Le regard de Dominique Seux, commentateur économique sur les propos de Nicolas Hulot...

Nicolas Hulot n'a pas réussi à convaincre son camp, celui des écologistes, d’une synthèse possible entre économie et écologie.
Nicolas Hulot n'a pas réussi à convaincre son camp, celui des écologistes, d’une synthèse possible entre économie et écologie. © AFP / JACQUES DEMARTHON

Le commentateur est partagé entre deux attitudes. D’abord, saluer la sincérité d’un homme qui a raison sur le ton, sonner l’urgence, et le fond, l’économie telle qu’elle fonctionne est responsable du dérèglement climatique. C’est clair : il faut refroidir l’économie, qui consomme et épuise trop d’énergies qui dégradent la nature et compromettent l’avenir de l’espèce humaine. L’ami Thomas Legrand a été frappé par les porte-containers, on peut trouver plus absurde encore que l’on puisse traverser l’Europe en avion pour quelques dizaines d’euros parce que le kérosène est détaxé alors que le transport aérien émet du CO2. Mais la question sous-jacente est de savoir si la transition énergétique, qui doit être plus rapide qu’on ne le pensait encore en 2015, peut se faire dans le cadre de l’économie de marché et -disons-le- du capitalisme.
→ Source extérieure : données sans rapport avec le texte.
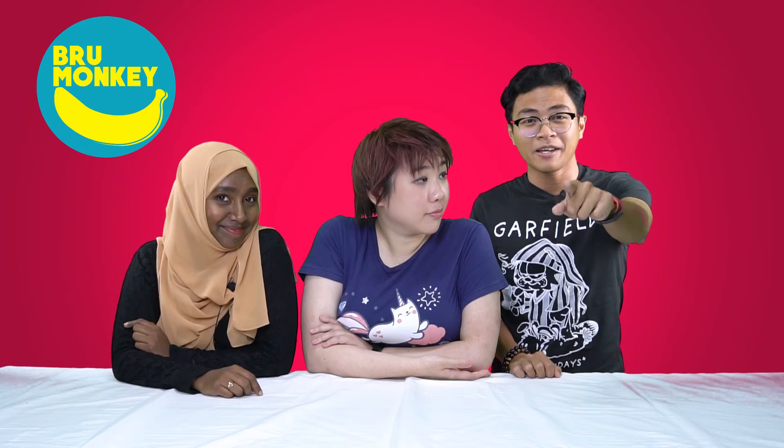If you like this video, give it a thumbs up and subscribe. Do that — don't not do that. And if you've got any other products you want Brew Monkey to review, drop us a comment and we'll get right on that. Anything at all.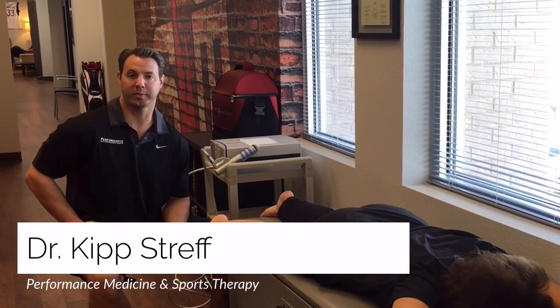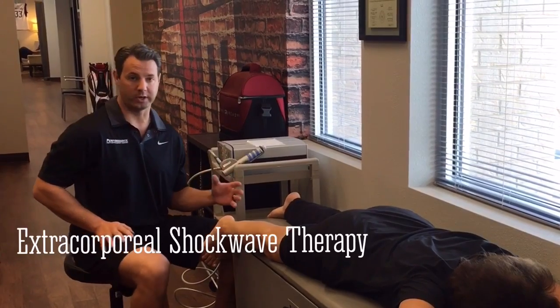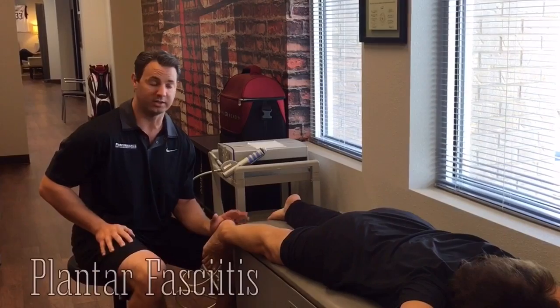Hey everybody, Dr. Kip Straff here with Performance Medicine and Sports Therapy. Today we're going to talk about extracorporeal shockwave therapy, or the slang term is acoustic wave therapy, and plantar fasciitis and treatment for plantar fasciitis.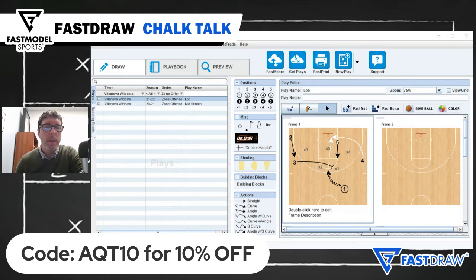A lot of zone plays will overload the side that the ball is going towards. Villanova actually overloads the backside to outnumber the defense on this one. As the ball screen is happening there at the top,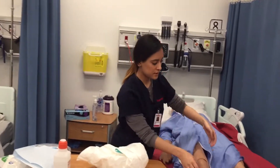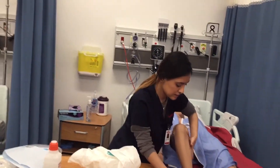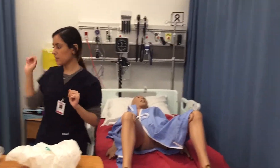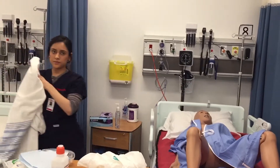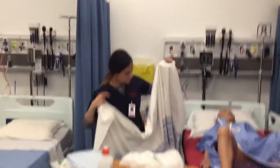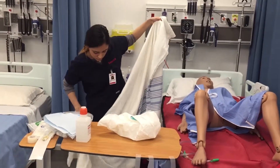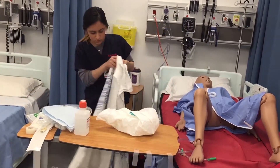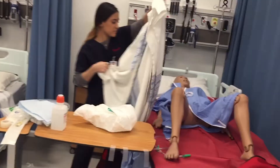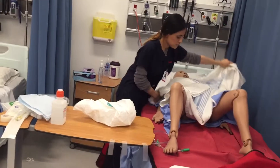I'm going to put my patient in the dorsal recumbent position. Now we're going to bring it in and get set up.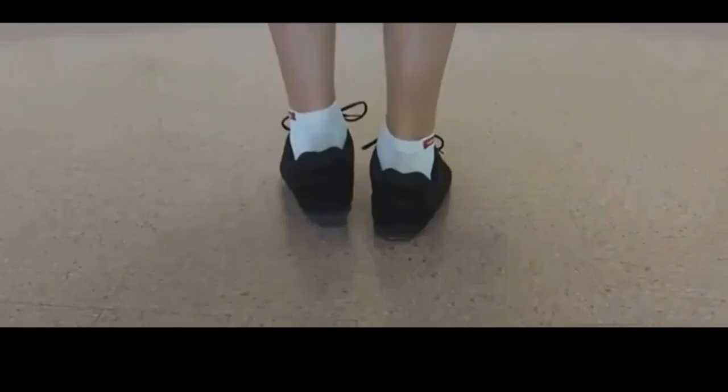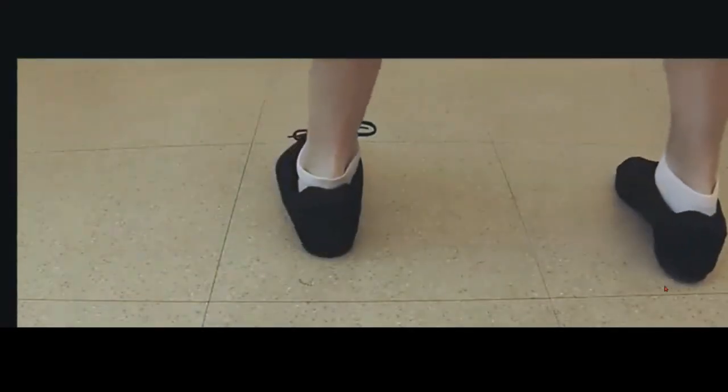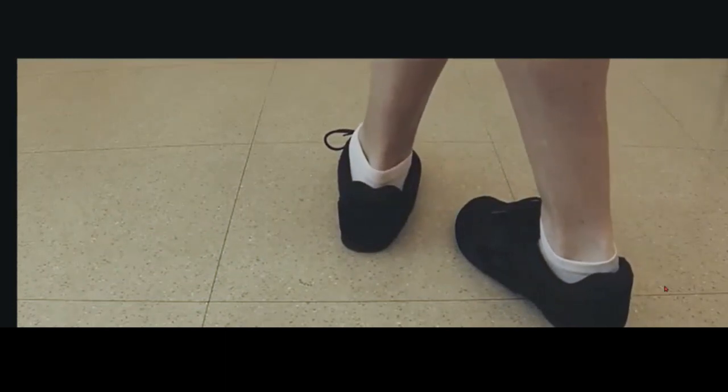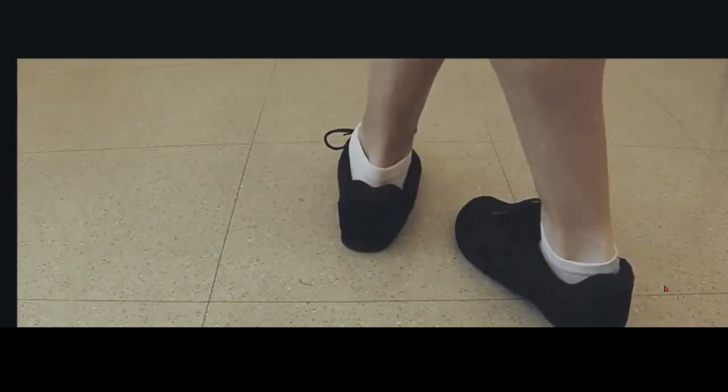A right scissor step starts with the right foot. A left scissor step starts with the left foot. Weight is on your left foot. Your right foot steps to the side, then the left foot comes alongside, and you cross the right foot over the left foot.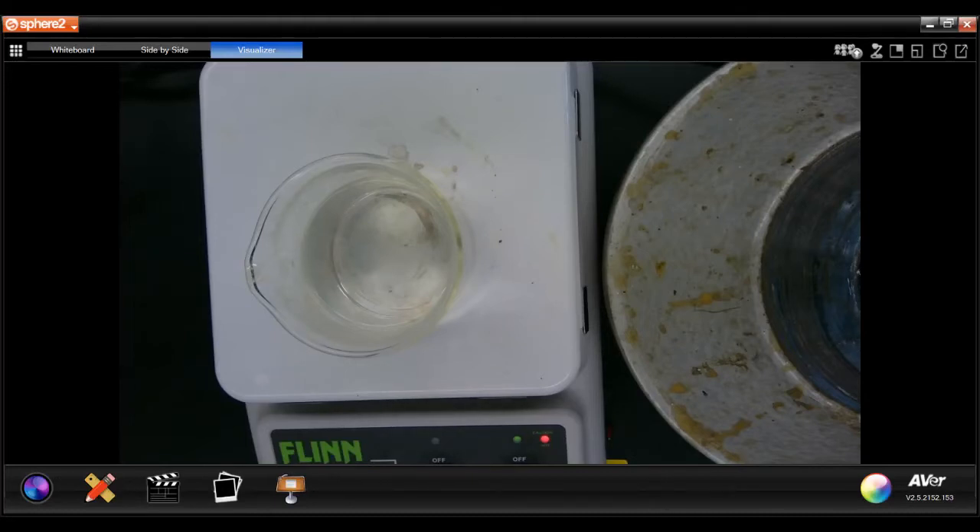Today we're going to look at the separation of iron and copper from zinc. I have the solution that was saved from procedure 1C. To that I'm going to add 6 molar sodium hydroxide.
La plupart des écologistes pensent que non, Nicolas Hulot aussi. On peut penser l’inverse. Avec de puissantes incitations et obligations, seul le capitalisme a les moyens d’investir, d’innover, de trouver les compromis entre la science et de nouveaux modes de vie. Ce sont des entreprises qui inventent et le solaire de demain et les véhicules électriques, dont on aura encore besoin pour se déplacer. Et c’est Emmanuel Macron qui a accepté que le prix du gazole augmente de 35 centimes en 5 ans pour le faire reculer (on en parlait hier). On a peu entendu de félicitations.

Mais Hulot, dites-vous, est aussi responsable de son échec...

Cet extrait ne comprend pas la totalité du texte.